◆ GIVEN RECORDS ◆
=== Section Start ===

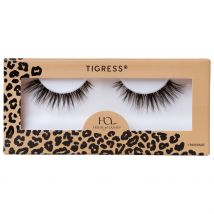 House of Lashes - Tigress False Eyelashes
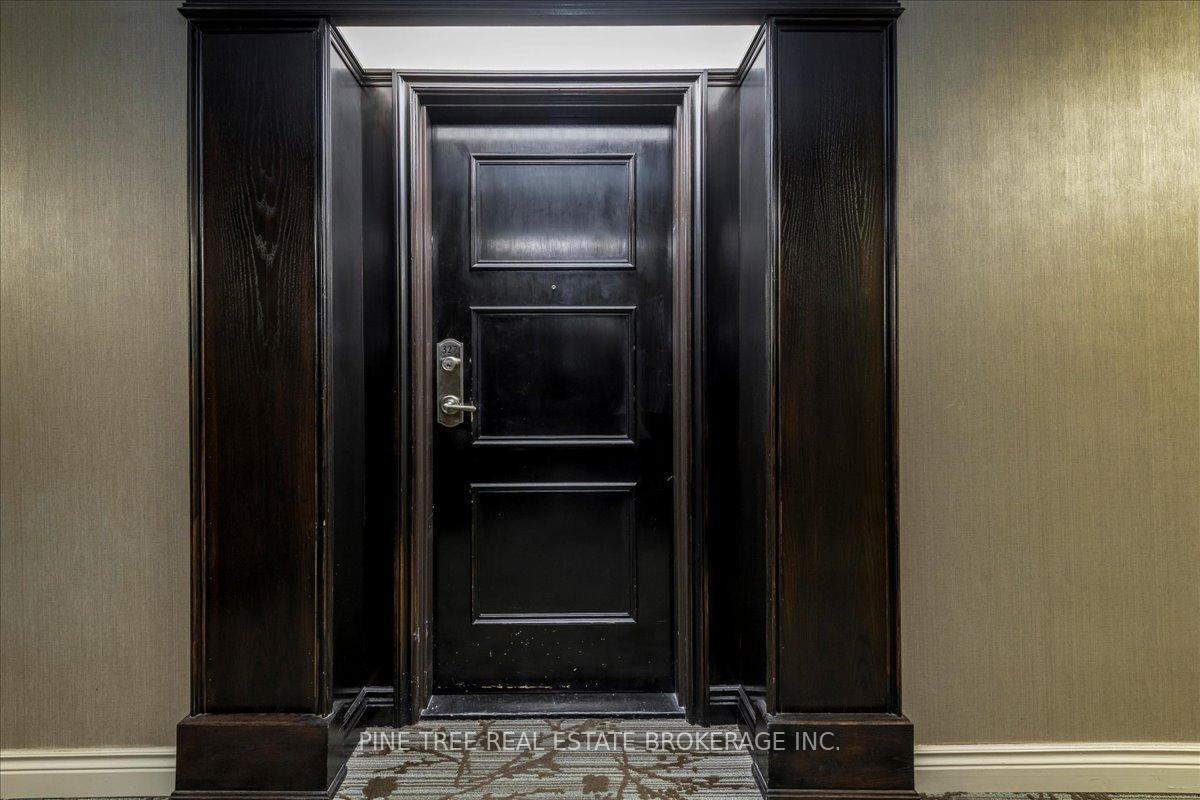 Photo 6 of Unit 327, 25 Austin Drive, Markham, Markville — HOMEH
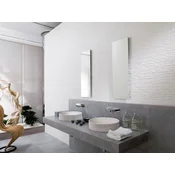LAJA BLANCO 30x60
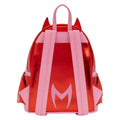 Scarlet Witch Marvel Loungefly Light-Up Mini Backpack 2026
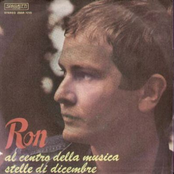 Al Centro Della Musica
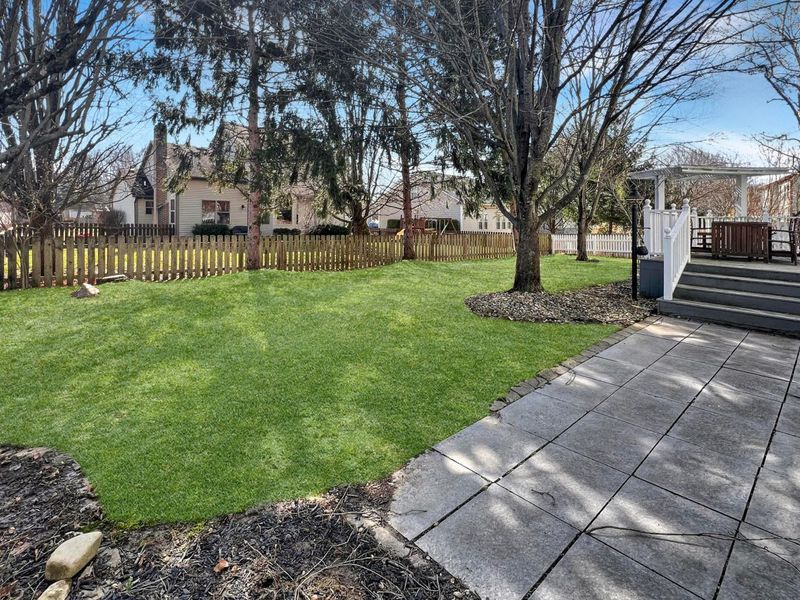 559 Cherry Hill Drive, Pickerington, OH 43147 Photo 40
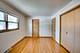 1015 Wilson, Wheaton, IL 60189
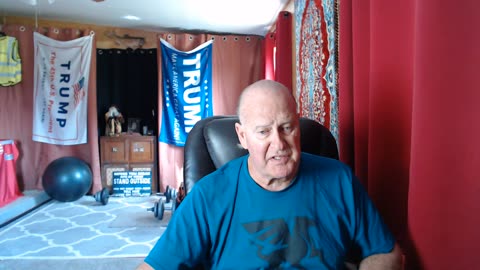 Texas National Guard Disperses Food Stamp Rioters in Houston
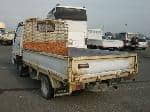 Used 1992 TOYOTA DYNA TRUCK BF42340 for Sale Image 3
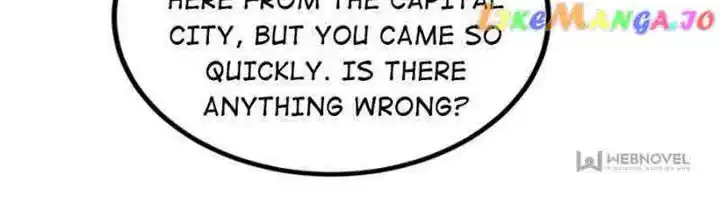 Be A Eunuch's Wife To Control The World Chapter 341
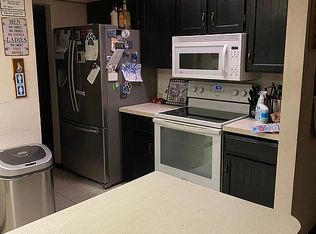 1362 Vivian St, Golden, CO 80401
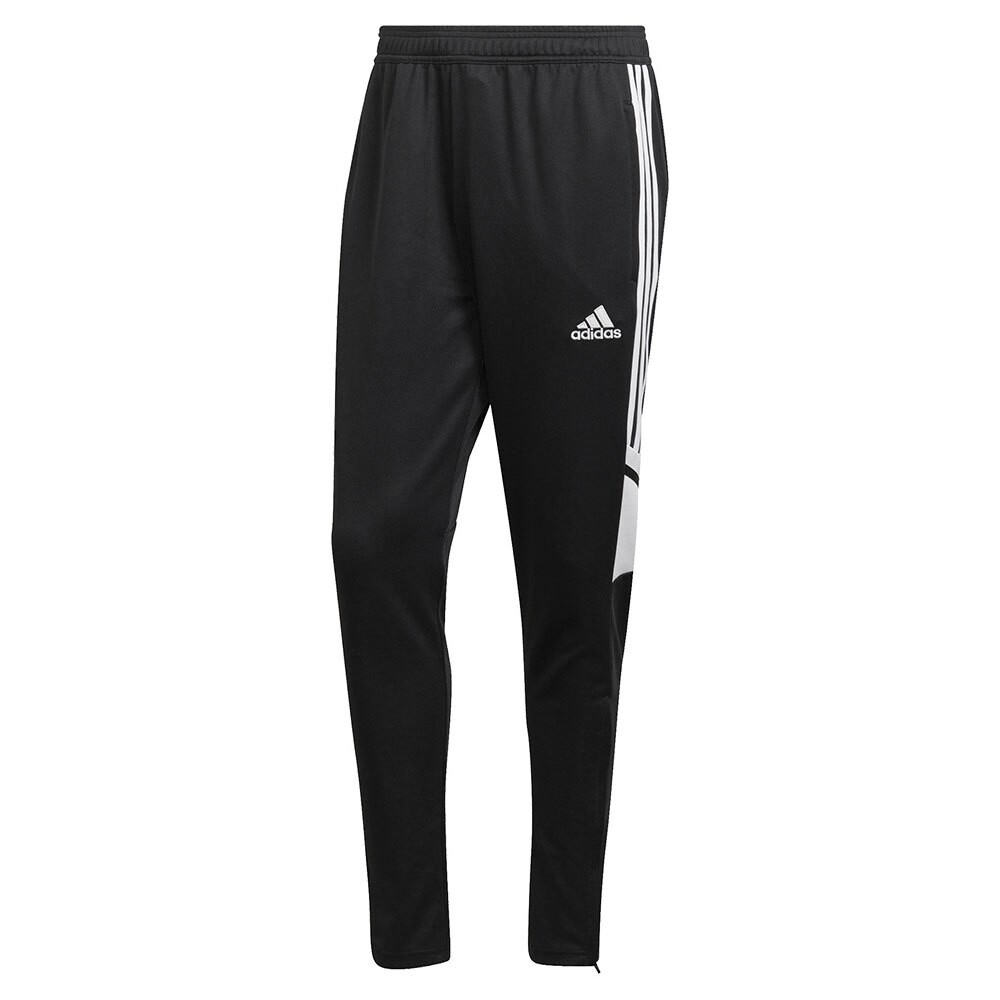 

Брюки adidas Condivo 22, черный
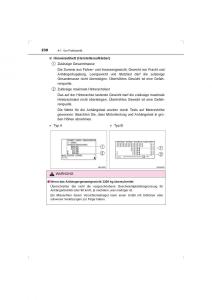 Toyota-Hilux-VIII-8-AN120-AN130-Handbuch page 230 min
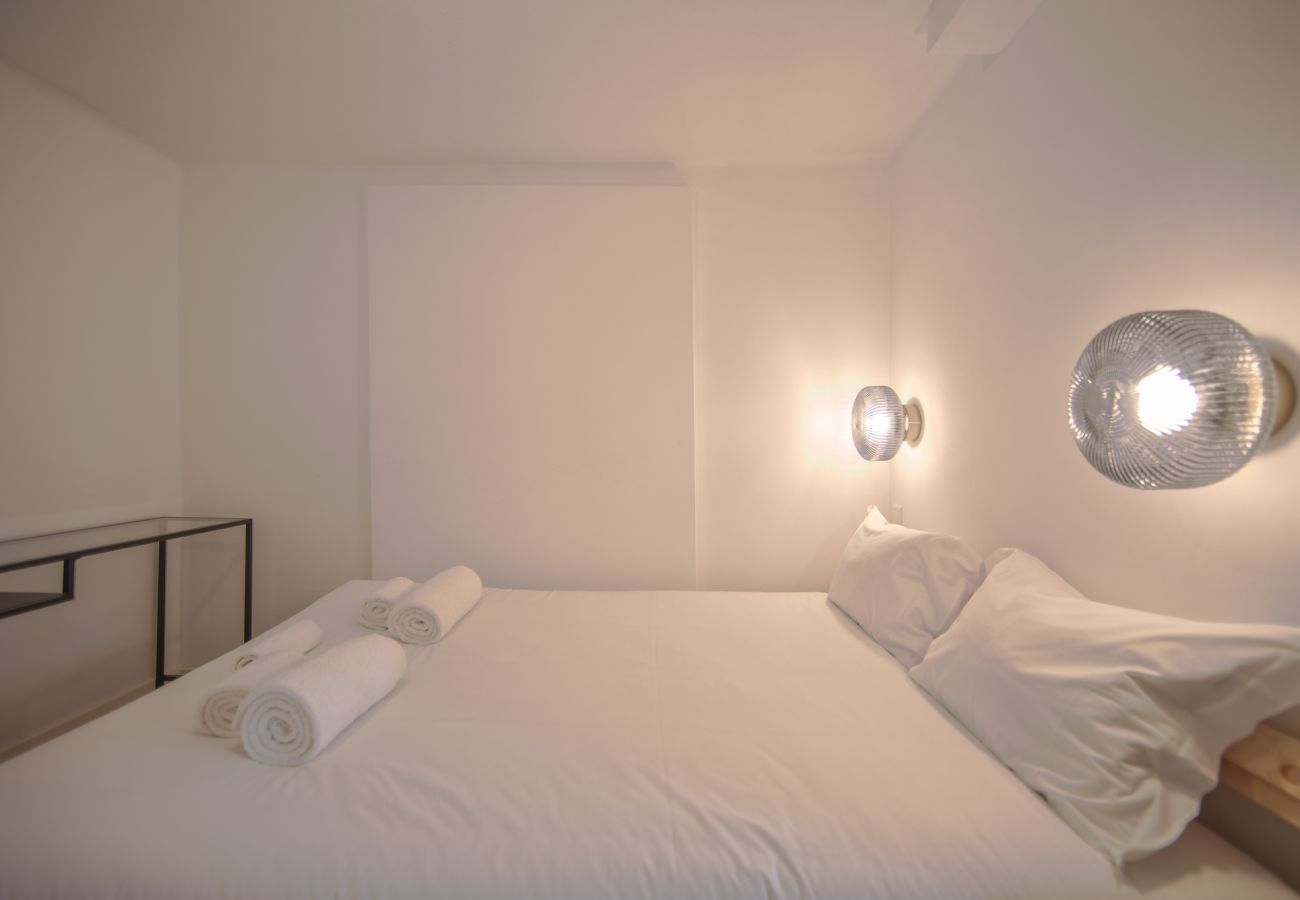 Apartamento en Lisboa ciudad - ALFAMA HISTORICAL II by HOMING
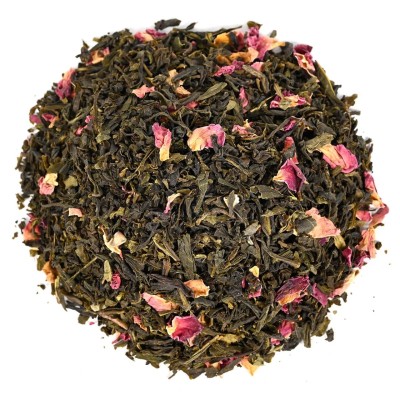 Зеленый чай GardenMist 50г - купить в Намцыре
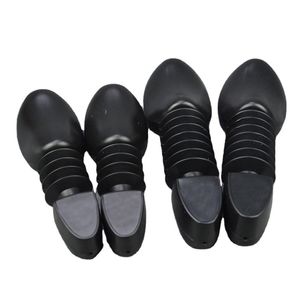 Factory Price Wholesale Male Inflatable Shoe Trees China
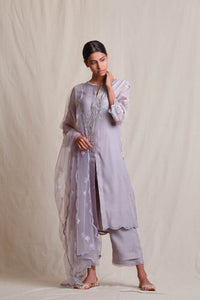 Shyna Kurta Set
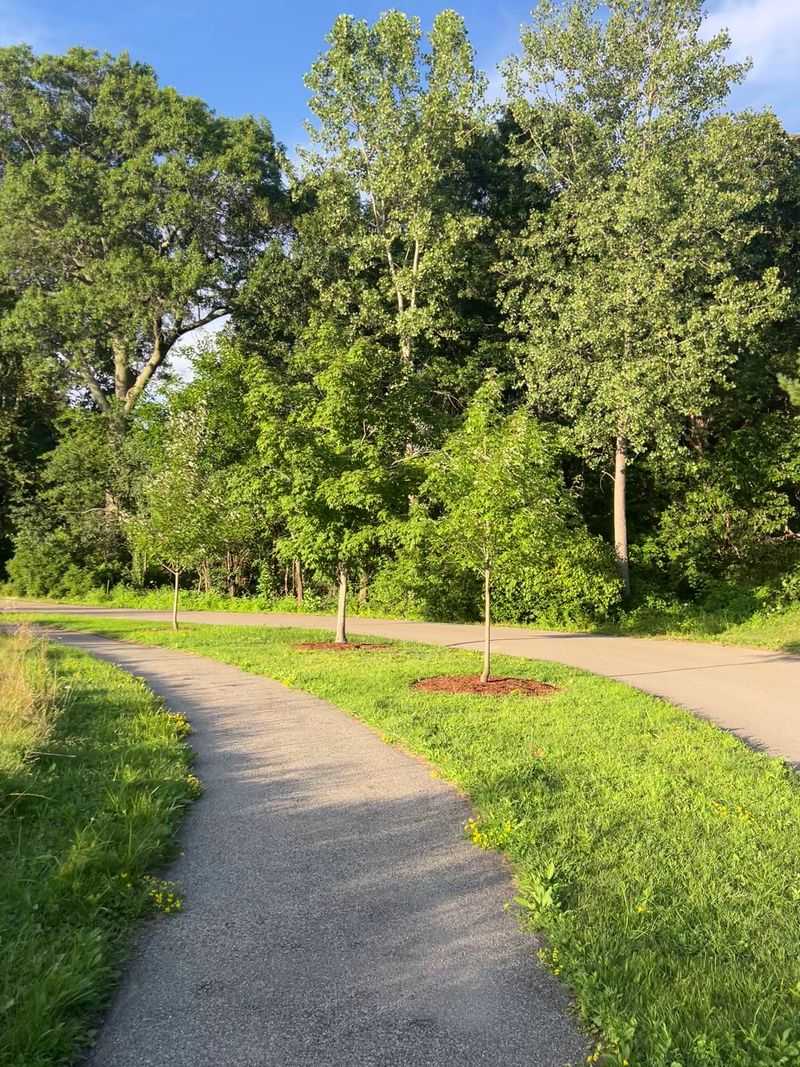 Build a Short Walk Around Your Group’s Real Pace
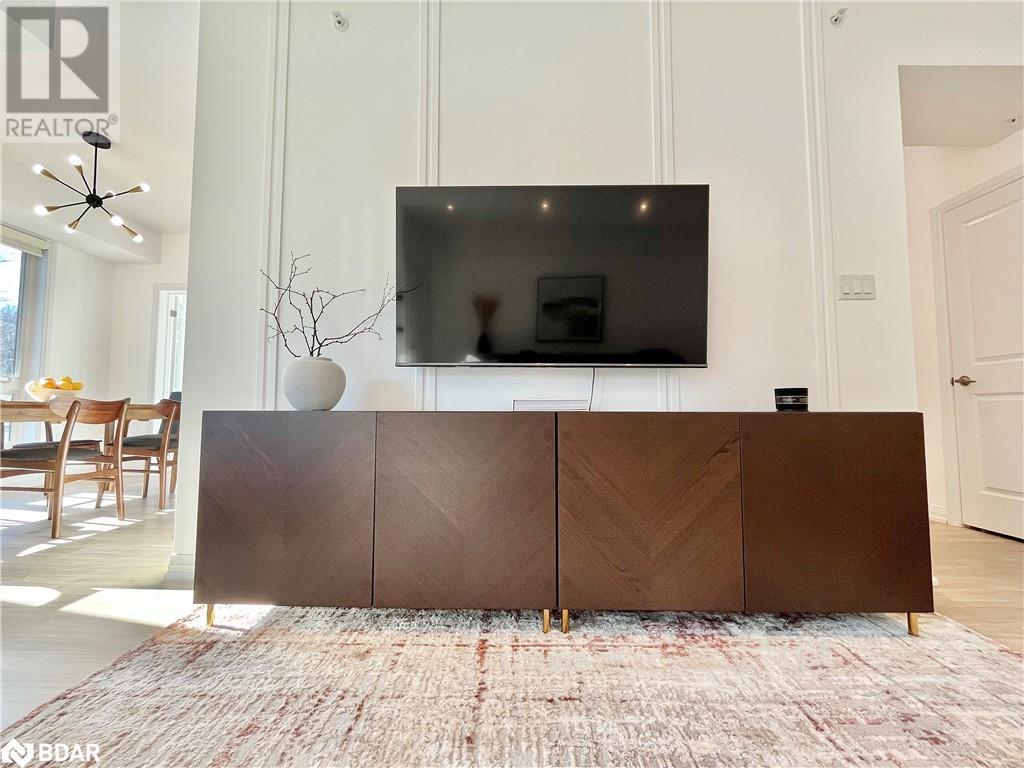 304 ESSA Road Unit# 614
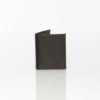 Mini Wallet 501 - Thumbnail Image 1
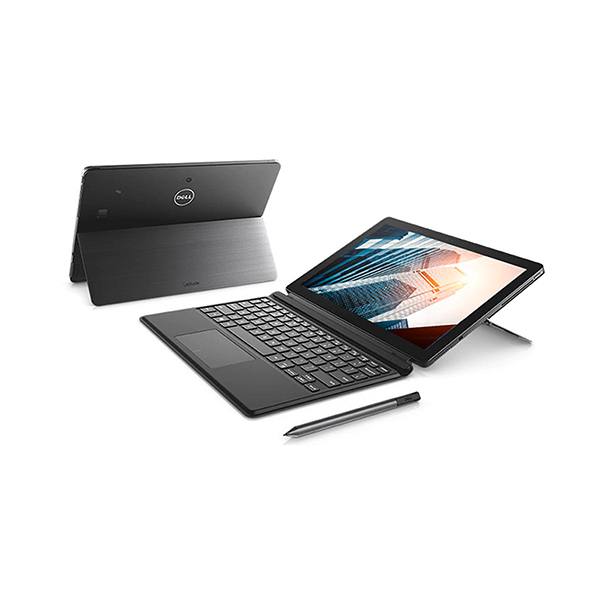 Dell Latitude 5285 2 in 1 Laptop3mien.vn 2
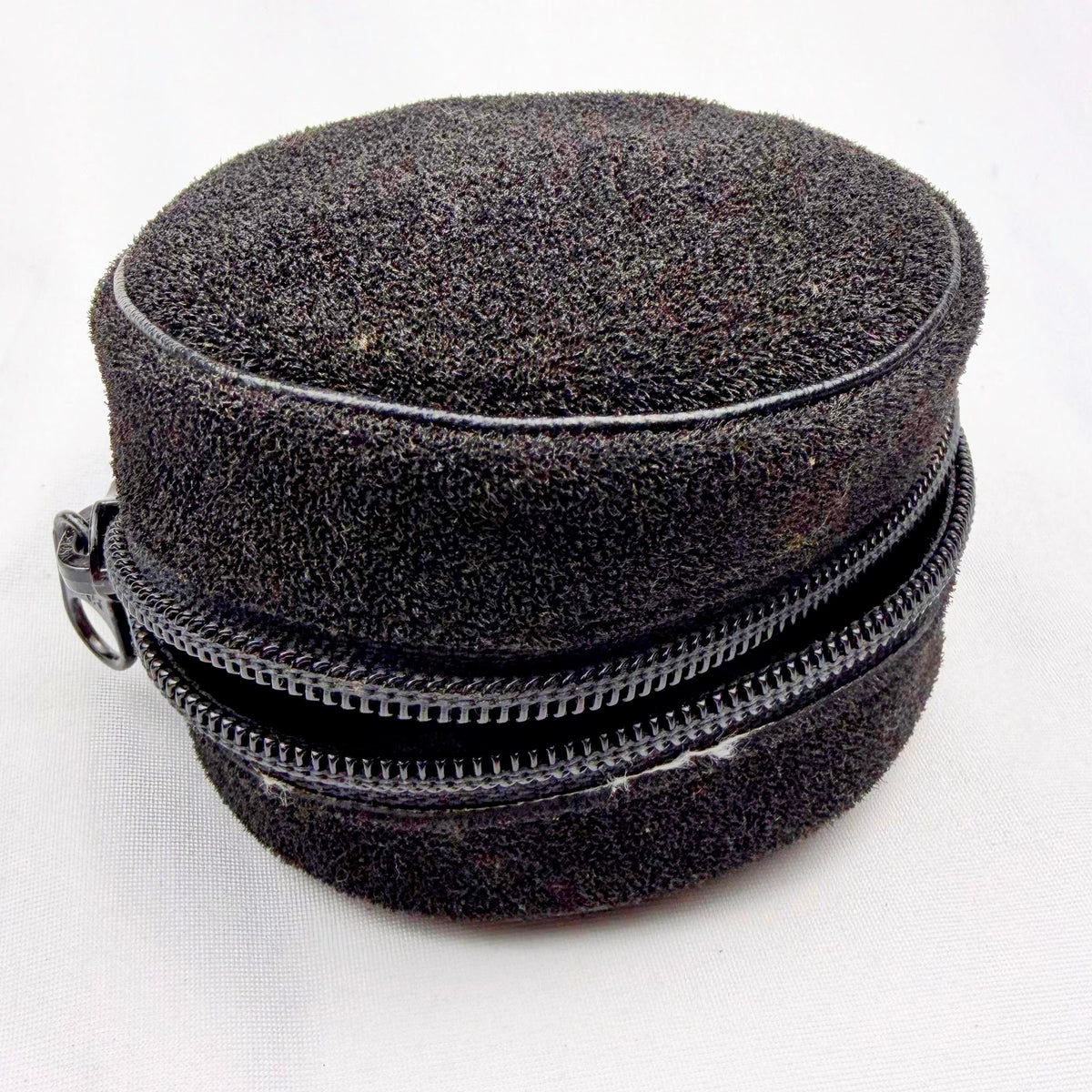 Ross Colorado 0 Fly Reel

=== Section End ===

What is needed is a word-for-word restatement of the lines from the one holding "Зеленый чай GardenMist" to the final line of the data above, inclusive, without any pictures.

◆ ANSWER SECTION ◆
 Зеленый чай GardenMist 50г - купить в Намцыре
 Factory Price Wholesale Male Inflatable Shoe Trees China
 Shyna Kurta Set
 Build a Short Walk Around Your Group’s Real Pace
 304 ESSA Road Unit# 614
 Mini Wallet 501 - Thumbnail Image 1
 Dell Latitude 5285 2 in 1 Laptop3mien.vn 2
 Ross Colorado 0 Fly Reel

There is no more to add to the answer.